## WORK ORDER
Please transcribe every entry below exactly, without including the pictures.

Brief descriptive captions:
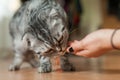 Picture of cat which is feeding by woman. Delicious!!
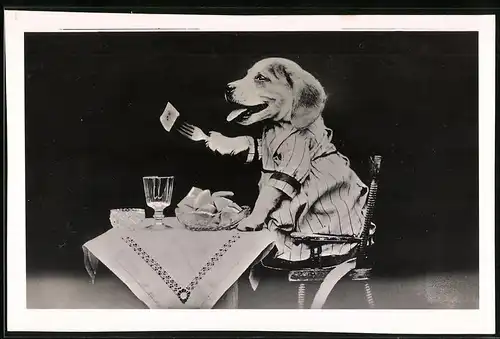Fotografie Fotomontage, vermenschlichter Hund beim Essen mit Besteck
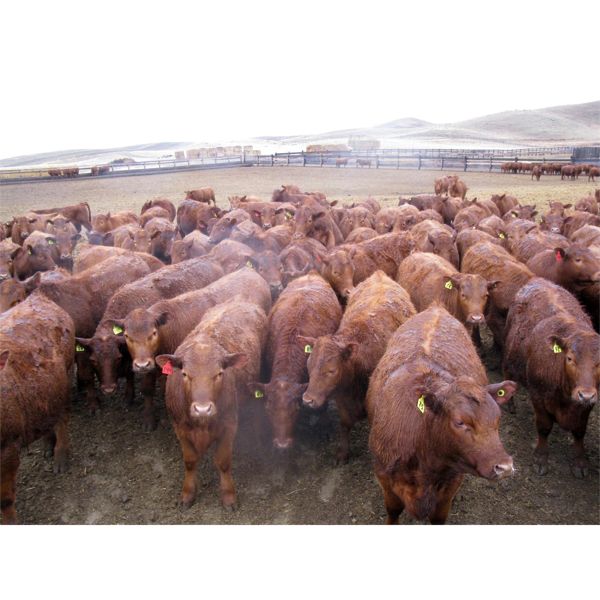 Majestic Ranches Ltd. - 830# Steers - 150 Head (Jenner, AB)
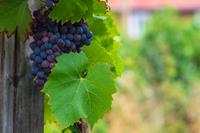 Tuinplant.nl Blauwe druif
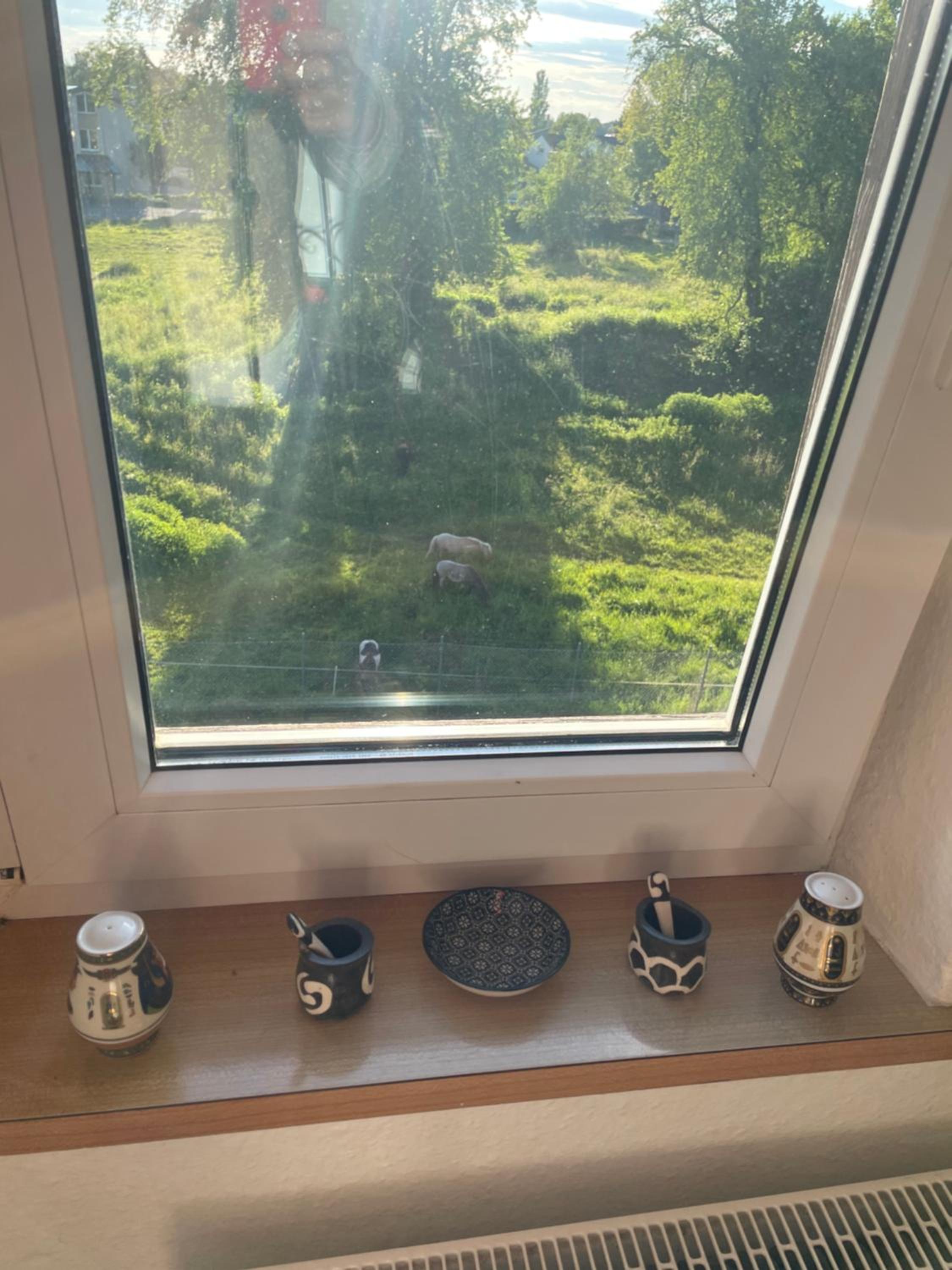 Small attic apartment close to Lake and Mountains Fussach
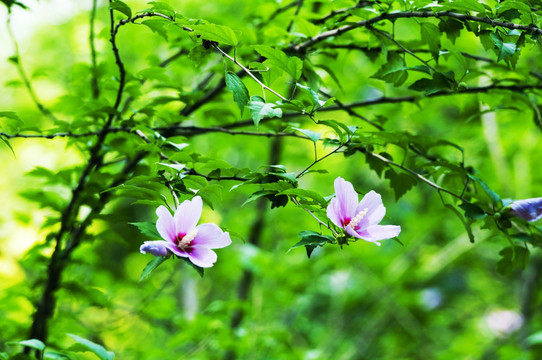 木槿花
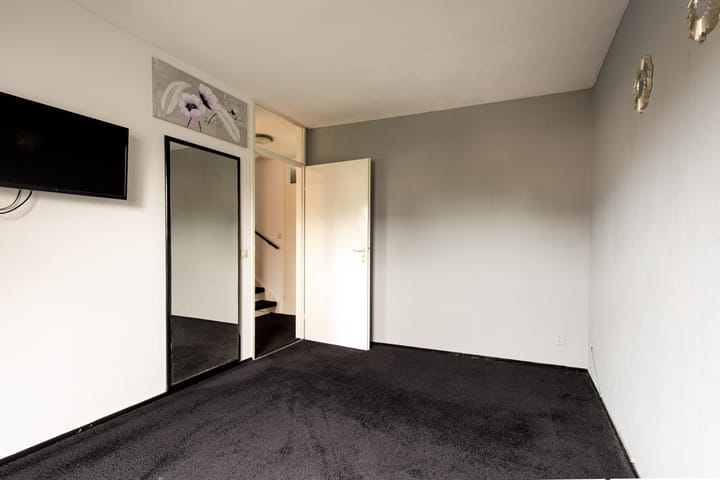 Foto 19 van Grauwe Gans 20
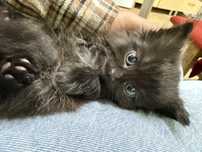 Черненькие котята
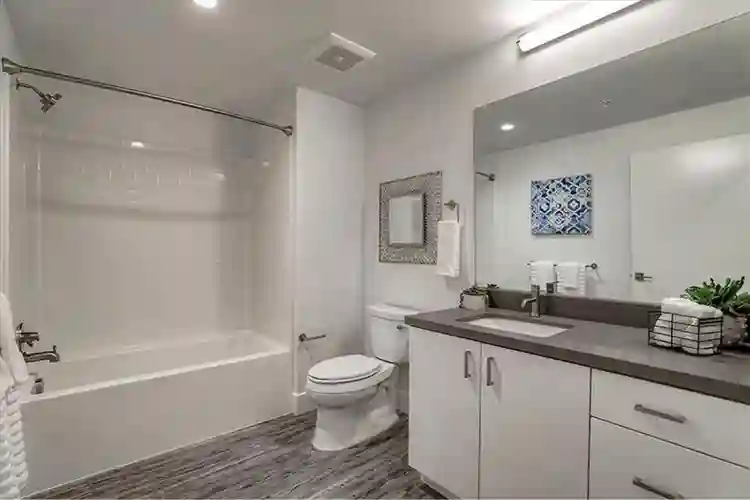 Looking for a roommate in a b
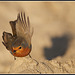 Robin in the sand.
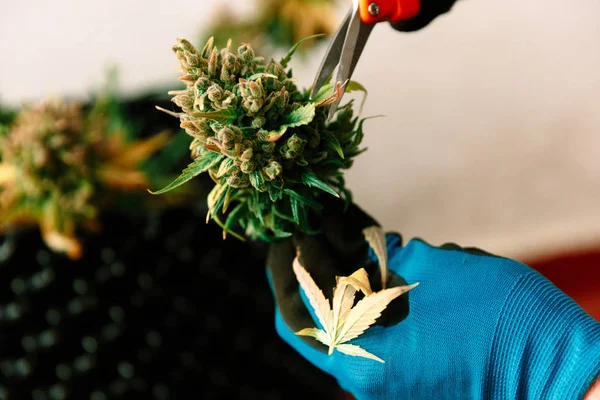 Tangan Dengan Gunting Trimming Marijuana Daun Dari Cannabis Plant — Stok Foto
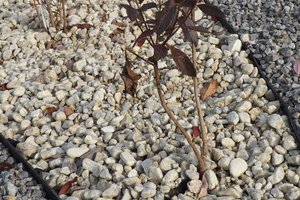 Budowa i wyposażenie ogrodu sensorycznego - inwestycja po zakończeniu realizacji - 20170905_0020.jpg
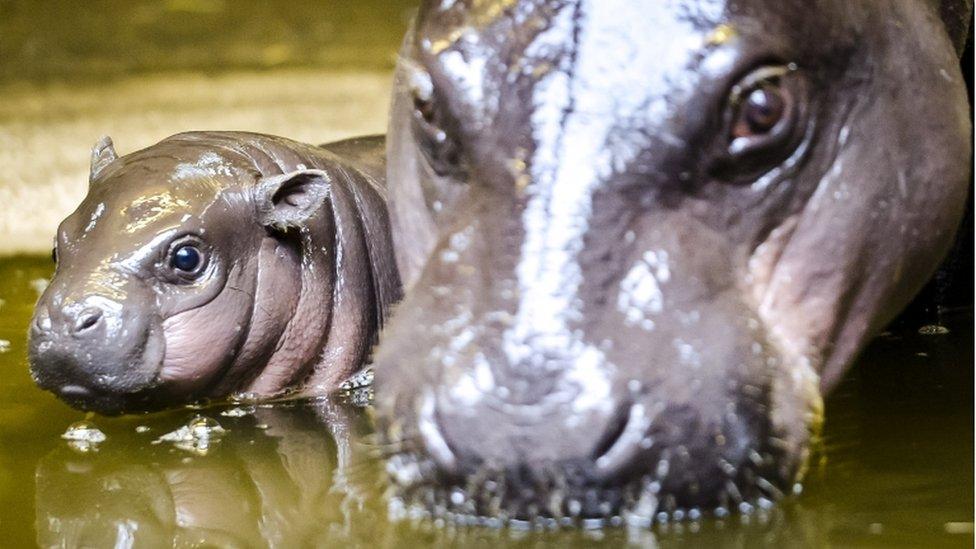 Baby hippo and mother at Bristol Zoo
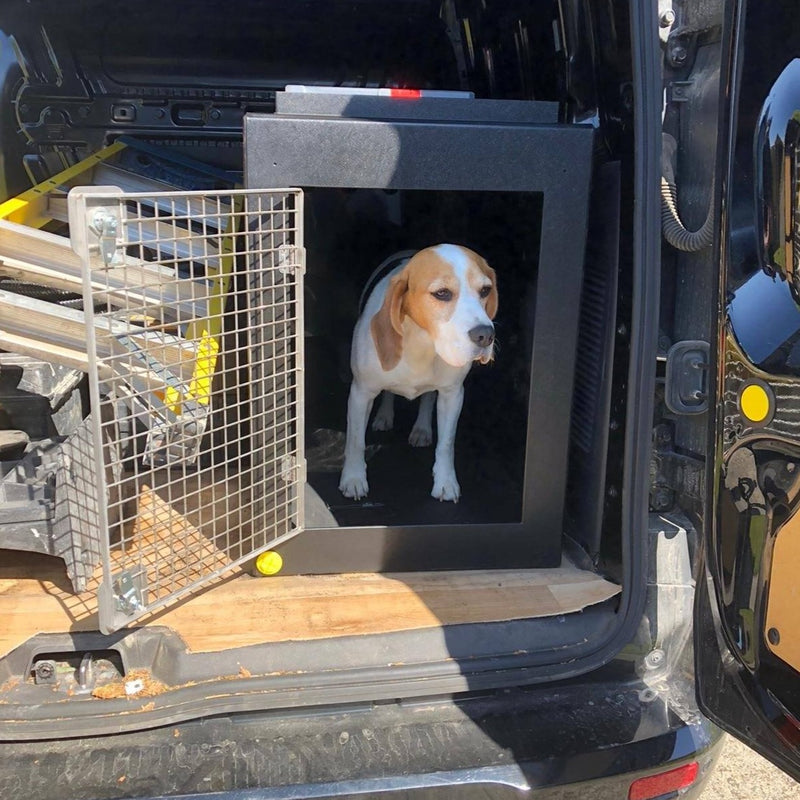 DT Box Dog Car Crate - DT 500 DT Box DT BOXES 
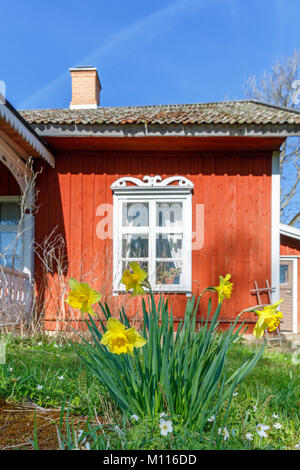 La floraison des jonquilles dans un jardin dans un chalet rouge au printemps Banque D'Images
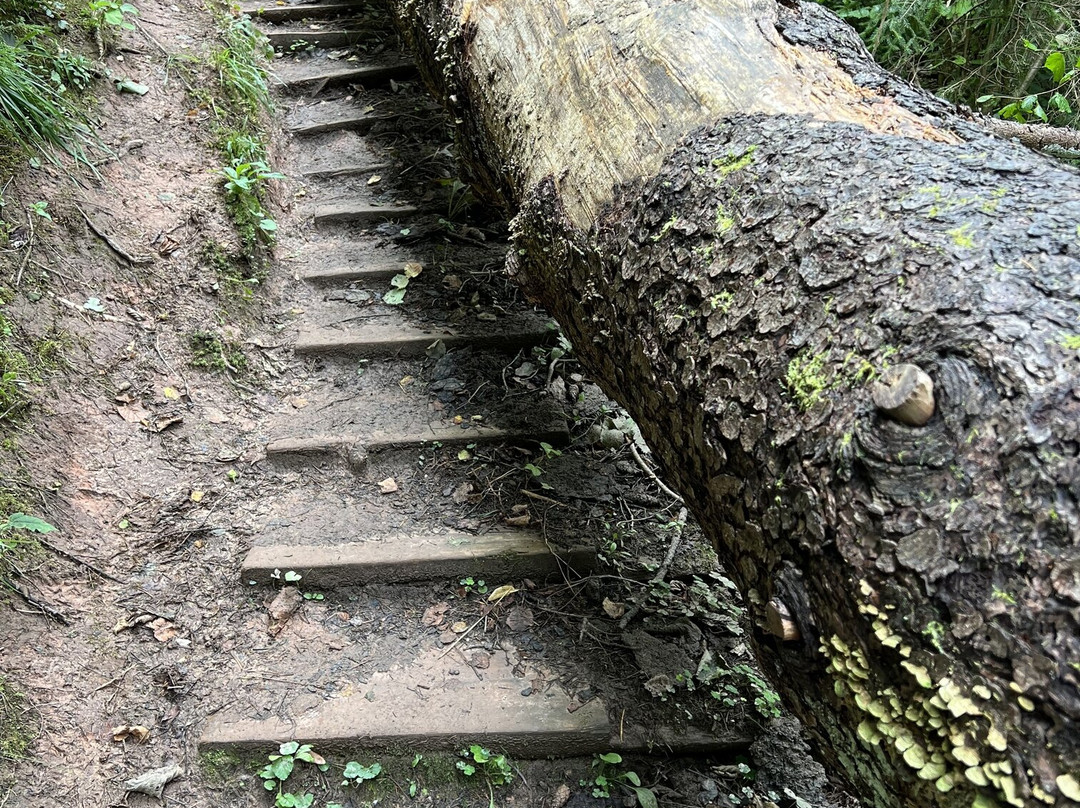 Gauja National Park-Vidzeme Region必去景点
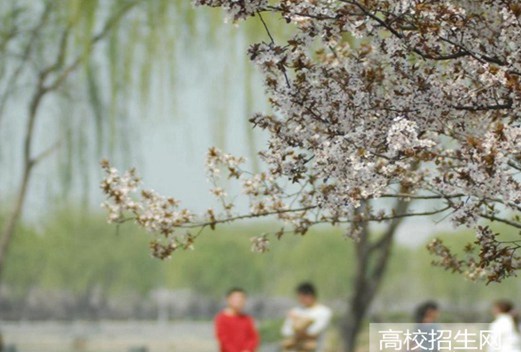 商丘师范学院图片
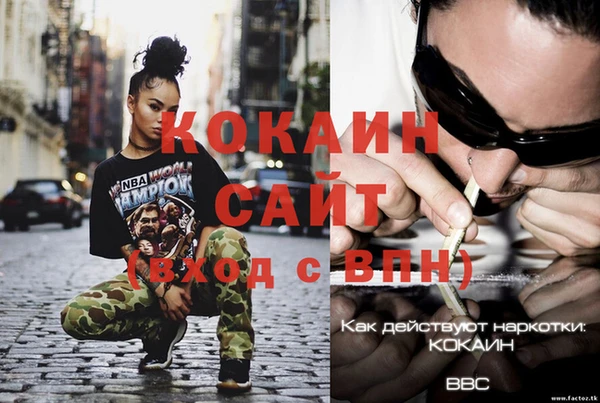 ГАЛЛЮЦИНОГЕННЫЕ ГРИБЫ Дмитриев
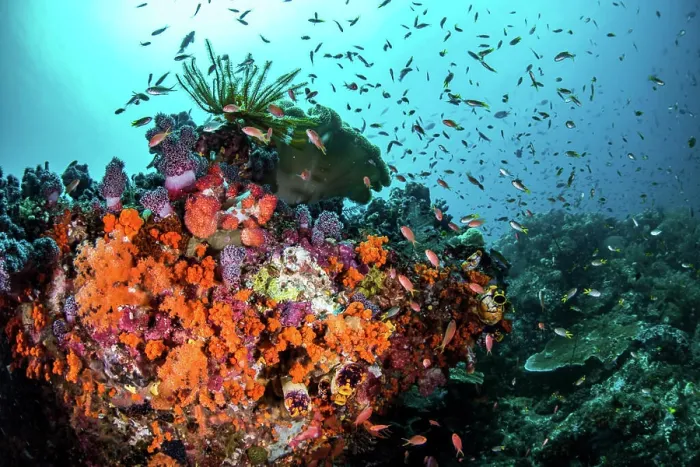 Framed Print : Orange corals and fish cover a reef in Raja Ampat, Indonesia Framed Print : Orange corals and fish cover a reef in Raja Ampat, Indonesia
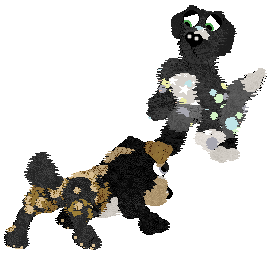 Funfetti Sundays in Newfoundland at Perfume — “Jiggs”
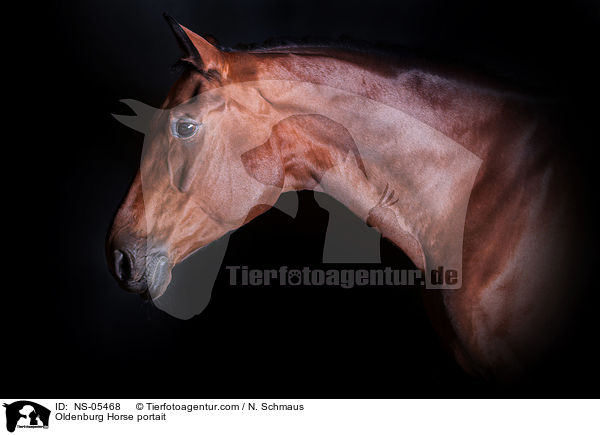 Oldenburg Horse portait / NS-05468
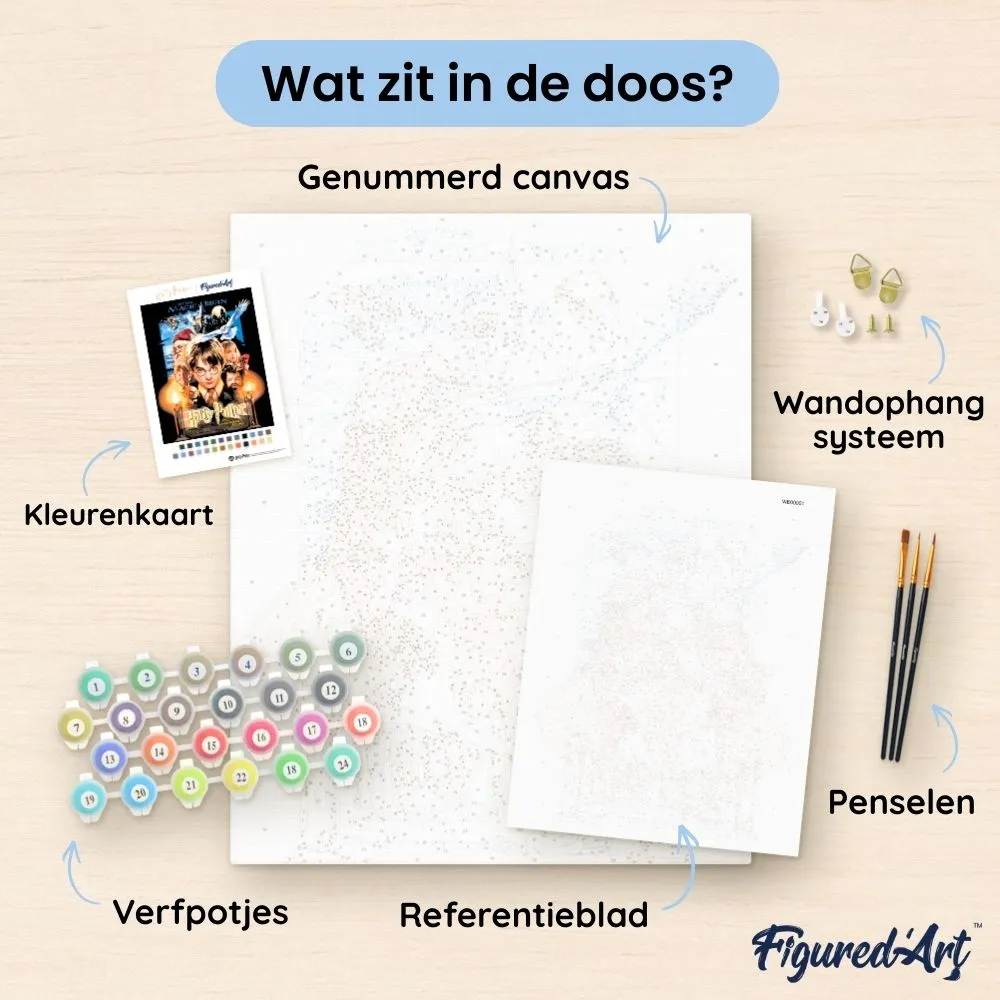 Figured'Art Harry Potter en de Steen der Wijzen Poster schilderen op nummer 40x50 zonder lijst
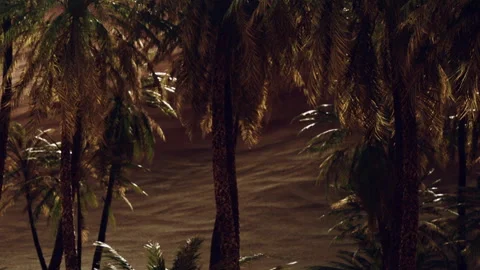 Tall palm trees stand in a desert landscape with sandy ground and clear sky Stock Footage 340223214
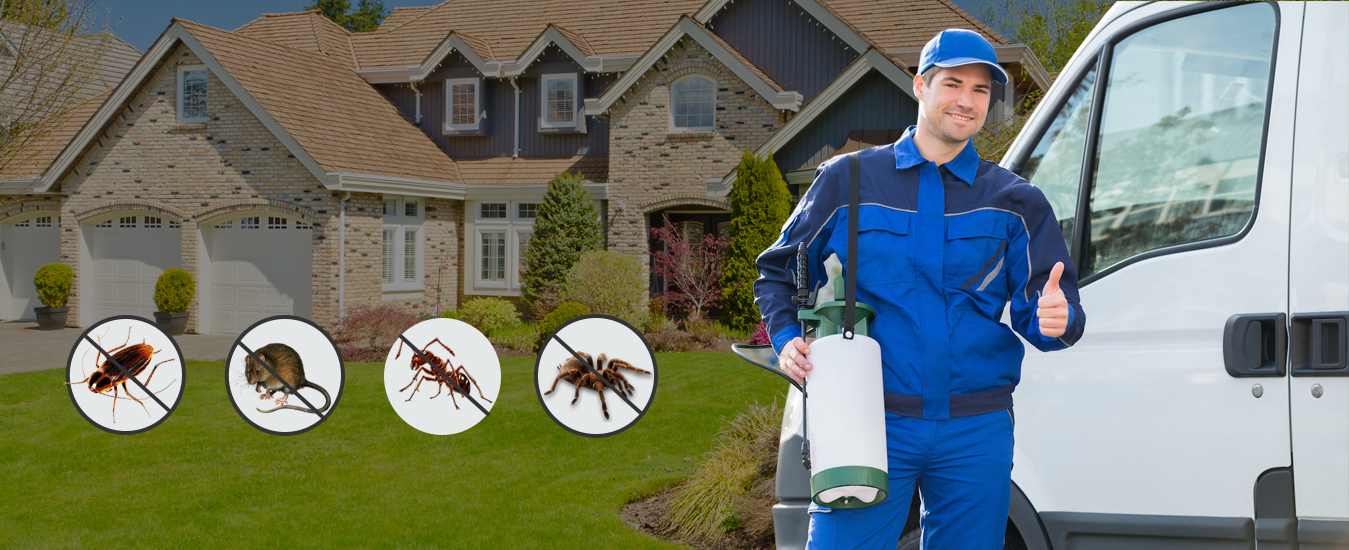 Pest Control Vaughan | Pest Removal & Extermination Services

## THE COMPLETED TASK
 Picture of cat which is feeding by woman. Delicious!!
Fotografie Fotomontage, vermenschlichter Hund beim Essen mit Besteck
 Majestic Ranches Ltd. - 830# Steers - 150 Head (Jenner, AB)
 Tuinplant.nl Blauwe druif
 Small attic apartment close to Lake and Mountains Fussach
 木槿花
 Foto 19 van Grauwe Gans 20
 Черненькие котята
 Looking for a roommate in a b
 Robin in the sand.
 Tangan Dengan Gunting Trimming Marijuana Daun Dari Cannabis Plant — Stok Foto
 Budowa i wyposażenie ogrodu sensorycznego - inwestycja po zakończeniu realizacji - 20170905_0020.jpg
 Baby hippo and mother at Bristol Zoo
 DT Box Dog Car Crate - DT 500 DT Box DT BOXES 
 La floraison des jonquilles dans un jardin dans un chalet rouge au printemps Banque D'Images
 Gauja National Park-Vidzeme Region必去景点
 商丘师范学院图片
 ГАЛЛЮЦИНОГЕННЫЕ ГРИБЫ Дмитриев
 Framed Print : Orange corals and fish cover a reef in Raja Ampat, Indonesia Framed Print : Orange corals and fish cover a reef in Raja Ampat, Indonesia
 Funfetti Sundays in Newfoundland at Perfume — “Jiggs”
 Oldenburg Horse portait / NS-05468
 Figured'Art Harry Potter en de Steen der Wijzen Poster schilderen op nummer 40x50 zonder lijst
 Tall palm trees stand in a desert landscape with sandy ground and clear sky Stock Footage 340223214
 Pest Control Vaughan | Pest Removal & Extermination Services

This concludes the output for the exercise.